Update: Since this post was published, Lupita Nyong’o was (finally) cast in the next Star Wars movie and Brad Pitt’s production company, Plan B, joined D2 Productions. and Potboiler Productions in committing to the big-screen adaptation of Americanah. Nyong’o and Pitt co-starred in 12 Years a Slave.
Let’s start with the good news: Oscar winner Lupita Nyong’o has optioned Nigerian novelist Chimamanda Ngozi Adichie’s Americanah, an exquisitely intelligent, wry, and heartwrenching trans-Atlantic love story that was named one of the 10 Best Books of 2013 by The New York Times Book Review. If Nyong’o chooses to star in the film adaptation — and I can’t imagine she wouldn’t — she’d get to play one helluva complicated woman in Ifemelu, a foreign student-turned-race blogger from Nigeria who has trouble figuring out her place in American society and desperately misses her first love, Obinze, who is equally unhappy back in their native country. I’d love to see Nyong’o in an everywoman role where her racial identity is an integral part of who she is, but not all of who she is.

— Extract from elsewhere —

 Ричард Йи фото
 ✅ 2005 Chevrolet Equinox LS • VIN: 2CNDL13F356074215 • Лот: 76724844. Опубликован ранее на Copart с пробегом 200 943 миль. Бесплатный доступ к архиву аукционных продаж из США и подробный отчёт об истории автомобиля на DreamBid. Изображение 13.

Which brings us to the bad news: This is the only project Oscar winner Lupita Nyong’o — a gorgeous, talented, graceful, and charming actress with an ocean’s worth of promise — has been attached to, other than a voiceover gig in The Jungle Book in which we won’t be able to see her face. We all know why she hasn’t booked a significant role since she became a breakout ingenue months ago: Hollywood has few significant roles for women, and even less for women of color. It’s great that she’s become a spokeswoman for black beauty through her endorsement deal with Lancome and that People Magazine “Most Beautiful Woman” cover; but remember, Nyong’o has an acting degree from Yale. I bet she’s dying to show us what she’s capable of.
The cosmetics and publishing industries sure are clued into the fact that Nyong’o is luminous and people want to see her. I just wish Hollywood understood this better — and wasn’t so predictably, deplorably unimaginative in its ideas of what audiences want.